Expose Prometheus through Caddy to access the UI from outside the network.

Frontend telemetry

The browser buffers events and POSTs them to /api/v1/telemetry. Two event types are emitted:

page_view — fired on every route change in the SPA.
error — fired by the React ErrorBoundary when a render throws.

Flush rules:

Every 30 seconds via fetch.
On visibilitychange (tab hidden) via navigator.sendBeacon.
On pagehide via sendBeacon.
Immediately when the buffer reaches 100 events.

Failures are dropped without retry to avoid telemetry-induced error loops.

Server side

POST /api/v1/telemetry walks the batch, emits one slog line per event with source=frontend, and increments painscaler_frontend_events_total{type=...}. Remote-User (when present and trusted) is attached to each log line.
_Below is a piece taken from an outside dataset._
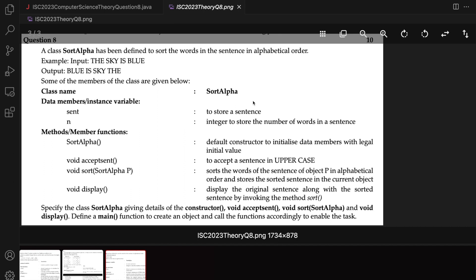Hello guys, my name is Valkrishna Srivastava and welcome to Code with BQ. In this video, we solve question 8 of ISC 2023 Computer Science Theory Paper.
Batch size is capped at 100 events. Larger batches are truncated.

Correlation

Both sides log the same request_id for every backend call. The server sets X-Request-Id on the response. The browser does not propagate X-Request-Id into subsequent telemetry events; current correlation is by route and time. See Roadmap.

Why JSONL plus Prometheus

The on-disk JSONL is the system of record and survives Prometheus outages.
OpenTelemetry is not a dependency. If required later, the metrics package is a small, self-contained replacement surface.